Его правая рука вылезла из варежки, словно сурок из своей теплой норки, и судорожно сгребла колючий и хрустящий снег. От резкого, одуряющего холода Алексей очнулся и недоуменно оглянулся.
— Смотри-ка, чуть не уснул тут, — усмехнулся он, заметив, что скорчился рядом с чьей-то позицией. — Хозяин пришел бы, а тут я… спать улегся. Славно было бы! — от пришедшей на ум картины ему на какое-то мгновение стало смешно.
Стрелковая позиция была оборудована как-то по-особому, сразу же бросилось ему в глаза. Он с одобрением отметил и аккуратно вырытую выемку для незатейливого солдатского имущества и боеприпасов, и небольшую ступеньку возле его ног, и положенный по уставу бруствер. «Опытный видно боец, — подумал Мареев, вспоминая поредевшую роту и гадая, кто бы это мог быть. — Видно, не первый день воюет… Кирпичников что-ли? Похоже.
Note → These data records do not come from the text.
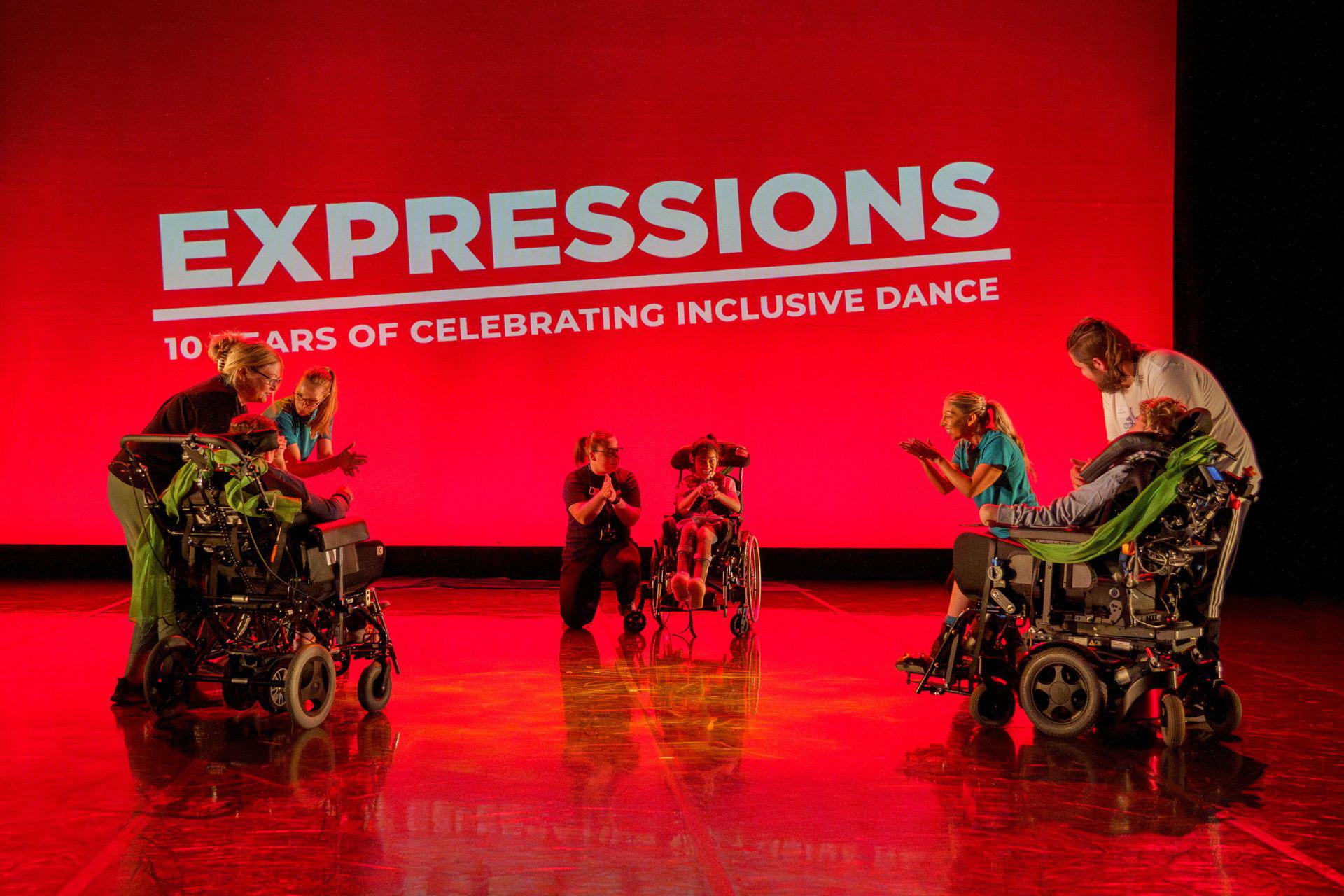 A group of children perform a wheelchair dance routine with their support workers on a red lit stage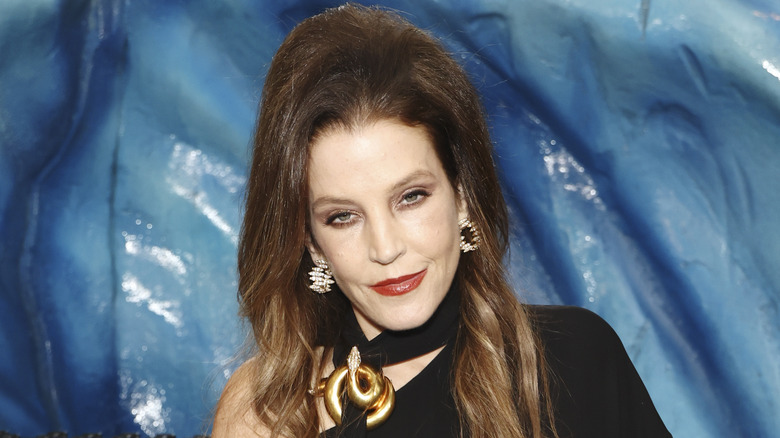 Lisa Marie Presley black dress blue background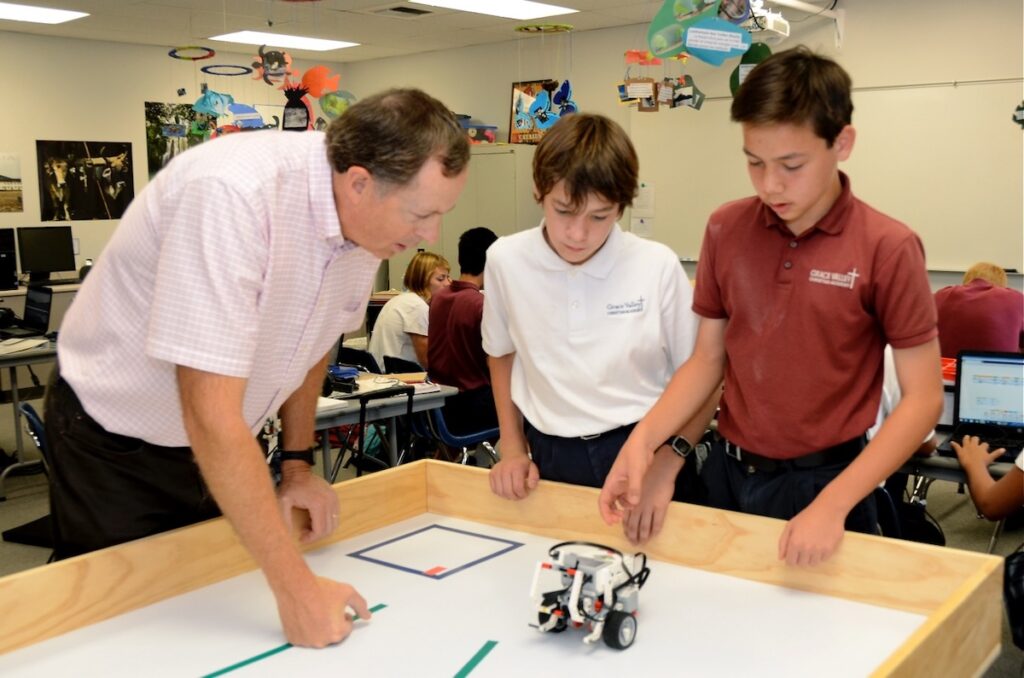 Dr. Spencer and two students test a robot on its course.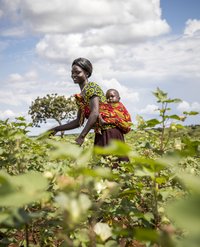 Eine Mutter mit ihrem Kind bei der Feldarbeit in Uganda.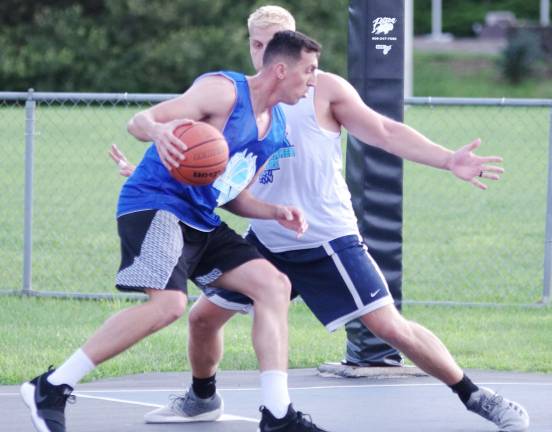 Team Tobin's Almin Hodzic dribbles the ball while covered by Team Smalley's Derek Hall.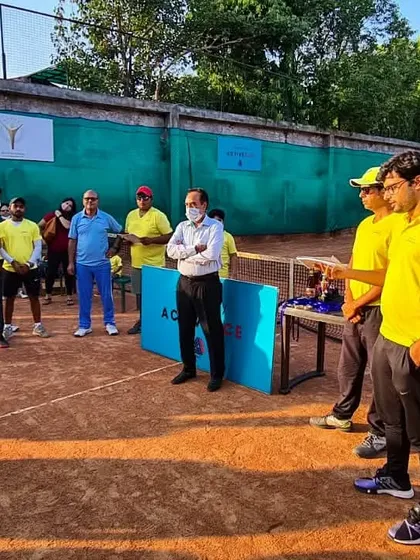 The coaching team listening to an address during an academy event on our clay courts.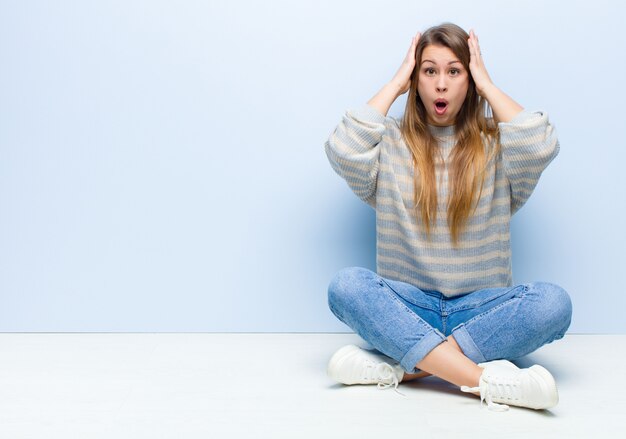 Jeune femme blonde à la désagréablement choquée, effrayée ou inquiète, la bouche grande ouverte et couvrant les deux oreilles avec les mains assis sur le sol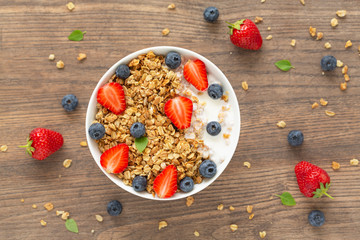 Healthy smoothie bowl with granola, yogurt, strawberry and fresh blueberries on wooden background. Breakfast smoothie bowl, top view.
Больно уже по куркульски все устроено — как-то ладно, по-хозяйски».
Вдруг со стороны медсанбата до него донеслись какие-то голоса, а через несколько секунд оттуда же потянуло и чем-то аппетитным. Тут же его желудок откликнулся на это безобразие громким бурчанием.
— Это как же так, Илья Степанович, разве могет такое человек? — спросил чей-то простуженный молодой голос. — Вы сами посудите, вышел он налегке вечор, сразу после того, как немец угомонился, и пришел только на третий день, — говоривший сделал небольшую паузу, словно пытался подчеркнуть важность своих слов. — Три дня там был! Мы с Иванычем тогда на часах стояли… Слышим, ползет кто-то с нейтрала. Я с плеча винтовку скидываю и негромко так спрашиваю — кто идет? Нас до этого еще предупредили, что разведку надо ждать…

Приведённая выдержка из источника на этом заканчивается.